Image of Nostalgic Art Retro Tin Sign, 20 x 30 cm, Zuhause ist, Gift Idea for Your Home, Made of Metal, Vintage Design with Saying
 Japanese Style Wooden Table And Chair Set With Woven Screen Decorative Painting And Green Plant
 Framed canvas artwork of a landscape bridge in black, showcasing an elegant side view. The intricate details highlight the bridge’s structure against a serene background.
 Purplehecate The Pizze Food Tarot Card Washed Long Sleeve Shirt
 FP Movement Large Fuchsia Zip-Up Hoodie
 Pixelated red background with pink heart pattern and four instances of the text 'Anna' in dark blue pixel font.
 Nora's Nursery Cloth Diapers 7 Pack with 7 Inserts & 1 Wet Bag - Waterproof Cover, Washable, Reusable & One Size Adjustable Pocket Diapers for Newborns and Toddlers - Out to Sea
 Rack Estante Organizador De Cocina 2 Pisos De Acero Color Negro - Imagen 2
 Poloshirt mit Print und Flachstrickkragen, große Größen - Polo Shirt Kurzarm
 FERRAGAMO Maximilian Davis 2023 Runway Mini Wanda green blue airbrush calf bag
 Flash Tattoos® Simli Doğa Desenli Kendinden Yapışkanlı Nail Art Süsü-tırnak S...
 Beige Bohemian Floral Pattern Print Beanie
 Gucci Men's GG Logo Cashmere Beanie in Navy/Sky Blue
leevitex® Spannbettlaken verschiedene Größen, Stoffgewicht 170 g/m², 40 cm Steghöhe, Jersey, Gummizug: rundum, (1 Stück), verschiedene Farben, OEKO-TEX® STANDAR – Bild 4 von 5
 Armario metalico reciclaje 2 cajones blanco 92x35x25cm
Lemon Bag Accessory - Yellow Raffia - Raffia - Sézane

■ What to produce: Set down only the lines above that fall between the line holding "Nora's Nursery Cloth" and the line holding "Beige Bohemian Floral Pattern Print Beanie", inclusive, keeping each exact.

■ Solution for this task:
 Nora's Nursery Cloth Diapers 7 Pack with 7 Inserts & 1 Wet Bag - Waterproof Cover, Washable, Reusable & One Size Adjustable Pocket Diapers for Newborns and Toddlers - Out to Sea
 Rack Estante Organizador De Cocina 2 Pisos De Acero Color Negro - Imagen 2
 Poloshirt mit Print und Flachstrickkragen, große Größen - Polo Shirt Kurzarm
 FERRAGAMO Maximilian Davis 2023 Runway Mini Wanda green blue airbrush calf bag
 Flash Tattoos® Simli Doğa Desenli Kendinden Yapışkanlı Nail Art Süsü-tırnak S...
 Beige Bohemian Floral Pattern Print Beanie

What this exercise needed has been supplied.